Hoy, cercana ya la Pascua, ha ocurrido un hecho insólito en el templo: Jesús ha expulsado el ganado de los mercaderes del templo, ha volcado las mesas de los cambistas y ha dicho a los vendedores de palomas: «¡Quitad esto de aquí! no convirtáis en mercado la casa de mi Padre». Y mientras los terneros y ovejas corrían por la explanada, los discípulos han descubierto un nuevo aspecto del alma de Jesús: el celo por la casa de su Padre, el celo por el templo de Dios.
«Él se refería al santuario de su cuerpo»; el gesto de Jesús lo empezaron a entender los discípulos después de la resurrección. No son éste u otros templos materiales los que nos salvan, sino el amor de Dios manifestado en la «debilidad» de Jesús plenamente humano, crucificado y resucitado. El lugar de encuentro con Dios (y con los hermanos) es la persona de Jesucristo.

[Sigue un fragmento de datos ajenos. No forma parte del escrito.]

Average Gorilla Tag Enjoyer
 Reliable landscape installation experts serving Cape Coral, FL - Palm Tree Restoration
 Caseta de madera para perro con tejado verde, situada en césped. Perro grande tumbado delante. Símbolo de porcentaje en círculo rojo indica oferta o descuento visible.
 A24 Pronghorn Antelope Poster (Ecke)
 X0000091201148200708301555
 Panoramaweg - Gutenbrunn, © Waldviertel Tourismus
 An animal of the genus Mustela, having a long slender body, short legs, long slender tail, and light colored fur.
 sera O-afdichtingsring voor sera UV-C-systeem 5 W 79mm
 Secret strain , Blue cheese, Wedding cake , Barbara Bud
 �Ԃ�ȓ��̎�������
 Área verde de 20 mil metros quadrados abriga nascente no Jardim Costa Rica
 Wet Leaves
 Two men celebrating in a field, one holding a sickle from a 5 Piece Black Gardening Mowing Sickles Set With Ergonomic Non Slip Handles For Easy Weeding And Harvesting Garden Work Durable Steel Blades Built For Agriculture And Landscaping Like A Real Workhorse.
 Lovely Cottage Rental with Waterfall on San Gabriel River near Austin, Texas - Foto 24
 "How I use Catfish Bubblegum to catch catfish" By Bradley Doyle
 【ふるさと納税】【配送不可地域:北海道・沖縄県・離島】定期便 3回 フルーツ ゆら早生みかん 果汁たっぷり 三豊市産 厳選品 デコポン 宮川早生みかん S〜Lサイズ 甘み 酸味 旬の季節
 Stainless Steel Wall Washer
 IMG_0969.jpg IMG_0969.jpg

¡El templo de Dios convertido en mercado!, ¡qué barbaridad! Debieron empezar por poco. Algún pastor subía a vender un cordero, una anciana que quería ganar unos durillos vendiendo palomas… y la bola fue creciendo. «No convirtáis en mercado la casa de mi Padre». Más que poner orden en el templo, la intención de Jesús es ayudarnos a convertirnos de la mentalidad mercantilista en la relación con Dios. No se trata de ofrecer sacrificios para obtener perdón, sino de emprender un camino de conversión que lleve a cambiar el corazón. No debemos comprar el favor de Dios con ofrendas, sino acoger con agradecimiento y alegría su amor de Padre que ha sido el primero en amarnos y siempre nos amará. Somos templo de Dios y debemos velar por que la pereza no invada la conciencia. «La incapacidad de reconocer la culpa es la forma más peligrosa imaginable de entorpecimiento espiritual, porque hace a las personas incapaces de mejorar», advertía el venerado Benedicto XVI.